There's a concern that technologies that make bioengineering easier could make it easier to produce and proliferated novel pathogens, much more so than they make it easier to prevent pandemics; in other words, it favors "offense" more than "defense". The only one example you listed that has a similar dynamic in my mind is the bosch-haber process, but that has large positive downstream effects separate from its use for ammunition. Again, this is not to say we should stop medical progress, but that we should act to mitigate the dangers, and keep this concept in mind as the technology progresses.

That said, I'm not certain how much the current tools are dangerous in this way. My understanding is that there is lower hanging fruit in mitigating these issues right now; for example, better controls at labs studying viruses, and better vetting of people who order pathogens online.

dosinga|1 year ago

The printing press indeed led to religious wars in Europe. The Ottomans banned it and avoided that fate. And the progress associated with it.

echelon|1 year ago

The science to restrict is molecular biology (bacteria) or virology, not applied mathematics (AI). These folks can already do some wild things with the materials they have on hand and don't need fancy AI to help them.

Structure prediction is just one small slice of all of the things you'd need to do. Choosing a vector, culturing it, splicing it into an appropriate location for regulation, making sure it's compatible with the environment, making sure your payload is conserved, study the mechanism of infection and make sure all of the steps are unimpeded, make sure it works with all of the host and vector kinetics, study the pathology, study the epidemiology. And that's just for starters.

This would require a team and an enormous amount of resources.

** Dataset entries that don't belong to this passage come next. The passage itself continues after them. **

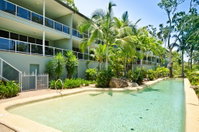 Book Wilson Island Accommodation Vacations Broome Tourism Broome Tourism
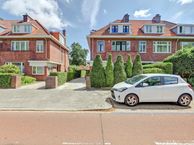 Prinses Mariannelaan 145, 2275 BD Voorburg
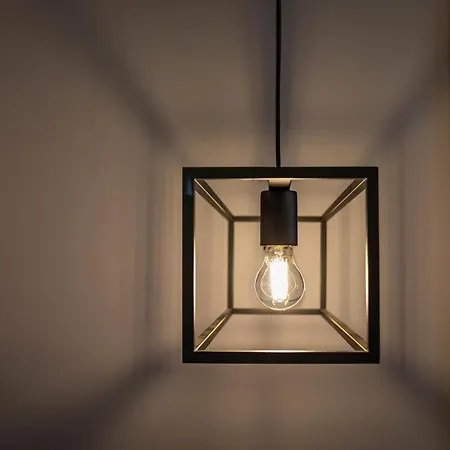 Apart-invest Latte Szklarska Poręba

People motivated enough to do this can already do it and don't need the AI piece.

f6v|1 year ago

There’s still a long way from in-silico prediction to wet-lab validation. You need a full-blown molecular biology lab to test any of these.

Then again, you can just release existing dangerous pathogens. Like, poison a water with something deadly. So you don’t need a new one if you’re a terrorist.

crackalamoo|1 year ago

Not a solution, but maybe if a bad actor tried to create a bioweapon, a trusted organization could use this technology as an antidote. Unfortunately this still leaves the possibility of some kind of insidious, undetectable bioweapon.

m00x|1 year ago

No, it's a very small piece for what you'd need to make bioweapons.

d_silin|1 year ago

...as difficult as discovering new medicines, you mean?

Chemistry and molecular biology are fiendishly complicated fields, far more complex and less predictable than what general (and most of the non-biochem STEM majors) imagine them to be.

How do I know? I thought of one brilliant startup idea that would solve so many of the world's problems if only we used computers to simulate biological systems.

Result: https://xkcd.com/1831/

Reference materials:

https://www.amazon.ca/Molecular-Biology-Cell-Loose-Version/d...

I strongly recommend to treat it as introductory-level text on the same level as "K&R - C Programming Language". Yes, all 1464 pages of it.

https://www.amazon.ca/Fundamentals-Systems-Biology-Synthetic...

On the same level as above text, but with more math.

https://www.amazon.com/Introduction-Computational-Chemistry-...

That or any other book on computational chemistry will give you an understanding why it is difficult to design anything of value in biological systems. ML can only help so much.

Also check out this page for entire field scope:

https://en.wikipedia.org/wiki/Omics

dekhn|1 year ago

MBoC is more like Knuth's textbooks. It's a towering monument to the achievements of humanity over the past 150 years (molecular biology proper is less than 100 years old). As well as being highly accessible (readable).

It's done in an interesting style, with lots of direct references to current literature. I was surprised to see a recent edition on IA: https://archive.org/details/alberts-molecular-biology-of-the...

glowingvoices|1 year ago

Thank you for the textbooks! I've started studying Molecular Biology of the Cell to prepare for undergrad, but this is the first time I've heard about the others.

Are there any other books you would recommend?